In Northern Italy fish, potatoes, rice, corn, sausages, pork and an incredible selection of cheeses are the most common ingredients. The tomato is virtually absent in most Northern Italian regions. Fresh pasta is the norm with gnocchi, polenta and risotto being the main course. Oil used in cooking is usually lard or butter with olive oil seldom used.

In Central Italy tomatoes make an appearance in Bolognese sauce and ragu and tortellini are important elements. Southern Italy offers the beautiful tomato, peppers, large qualities of olives and olive oil, garlic, artichokes, oranges, ricotta cheese, Mediterranean fish (anchovies, sardines and tuna) and capers. Dry pasta is a staple and made from durum wheat flour or semolina - mandated by Italian law.

The food in this small and prideful country is vastly different traveling north to south. Suggesting a tomato, anchovy topped pizza to a Northern Italian could be insulting while a Southern Italian would pass if offered risotto. Paying homage to the region and culture of the food we eat and prepare is not just culturally sensitive but culinarily correct. Food tastes better if prepared from fresh ingredients, harvested locally and cooked while fresh and in-season.

Imagine the possibilities. Last summer we planned an Idaho culinary cultural feast with our friends. We decided to cook dinner with food found naturally in North Idaho in July. We met at the farmer's market, purchased our vegetables, natural rack of lamb, flowers for the table setting, and supplemented our finds with food and herbs harvested from our garden. The food was delicious and the experience memorable.

Recreating the same experience in January is difficult but achievable. Items canned or frozen from our summer's garden, deer, elk and fish harvested from Idaho's wilderness and apples and huckleberries picked locally recreate the sense and memories of the seasons past. This is our culture. Let us examine the science and art behind food.

Preparing food correctly is paramount in ensuring food tastes well, has the right texture and is visually pleasing. Understanding simple cooking techniques allows a home cook to prepare food with confidence.
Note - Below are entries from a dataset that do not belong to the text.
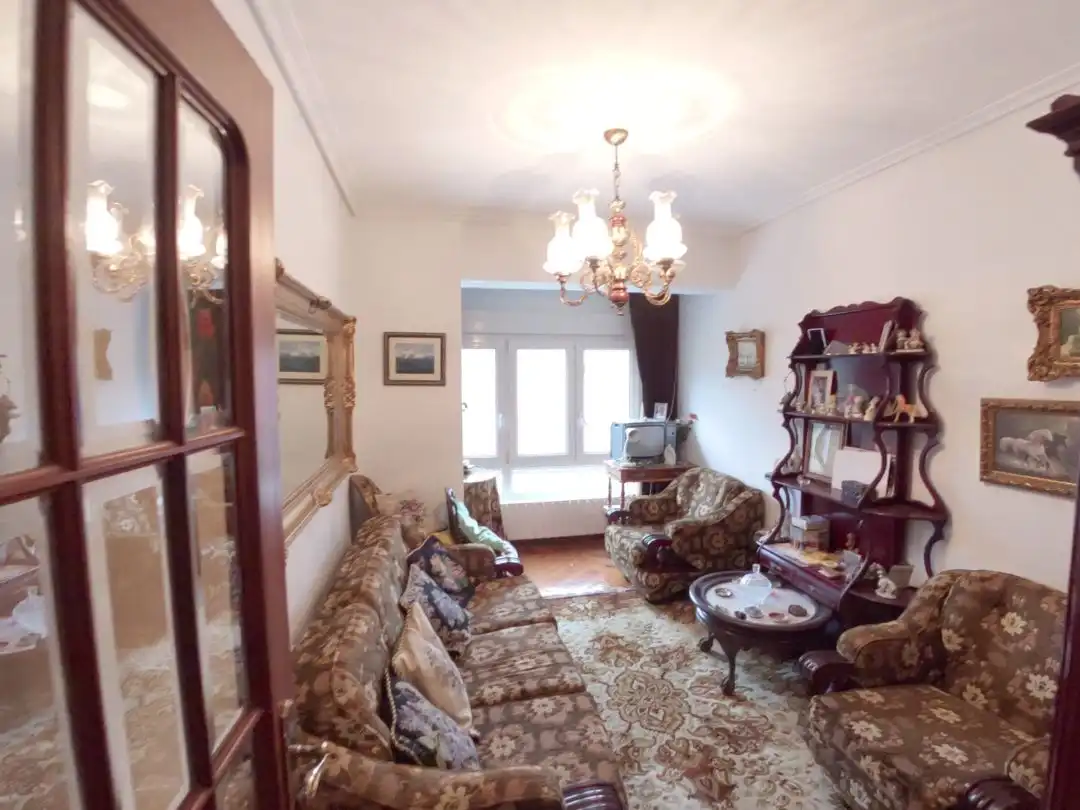 Sala d'estar de Pis en venda en Villacarriedo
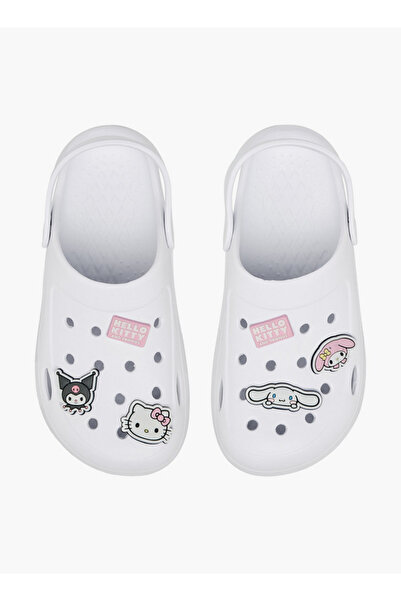 Hello Kitty Girls Jibbitz Charm Clogs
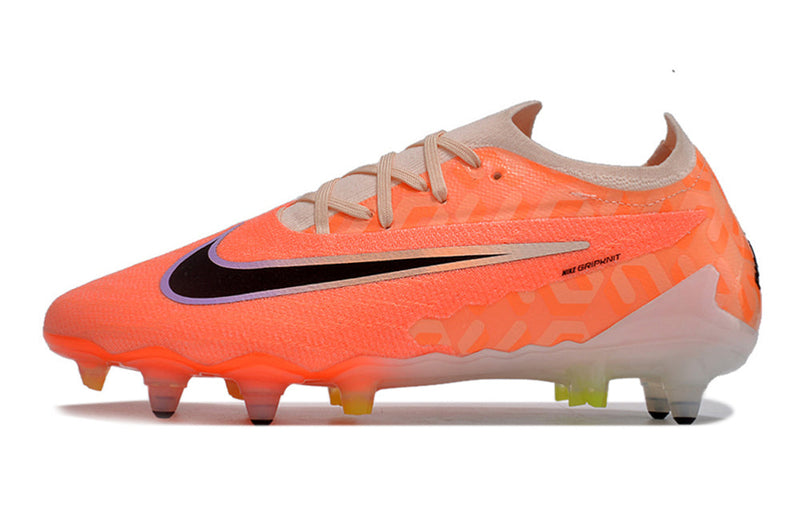 Chuteira Campo Nike Phantom GX Elite Ponta de Aluminio Laranja "United Pack"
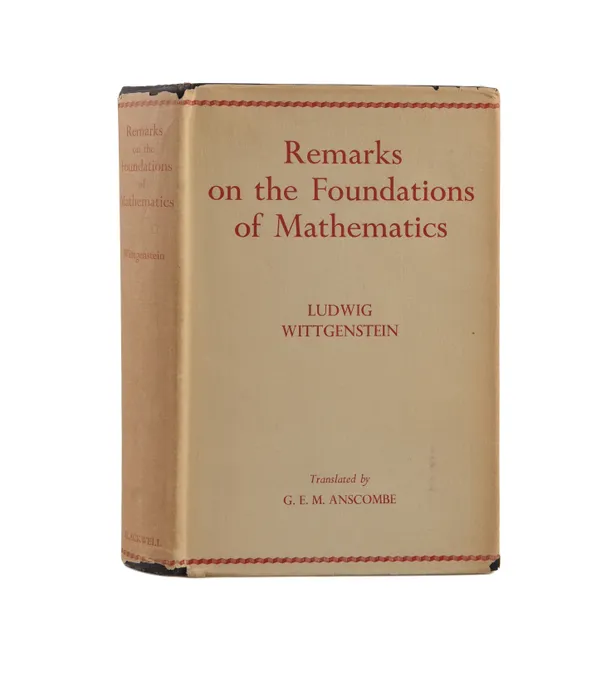 Remarks on the Foundations of Mathematics.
• Saute - add a little oil to a saute pan - one tablespoon or less. If you add more than a little oil to a pan, the food cooking process changes from saute to fry. The goal is to sear the food and create a beautiful brown color. Start with the side of the food that will be up on the plate or the "show side." Don't crowd food in the pan. This will create the food to steam and not brown.

• Frying - add just enough oil to allow the food to swim in the pan. Oil temperature (350-356 degrees) is very important to create a crispy crust and prevent the oil from penetrating the food. Frying at too low a temperature will create a soft, oil-filled food. The purpose of frying is to produce a flavorful exterior with a crisp, brown, crust that acts as a barrier to retain juices and flavor.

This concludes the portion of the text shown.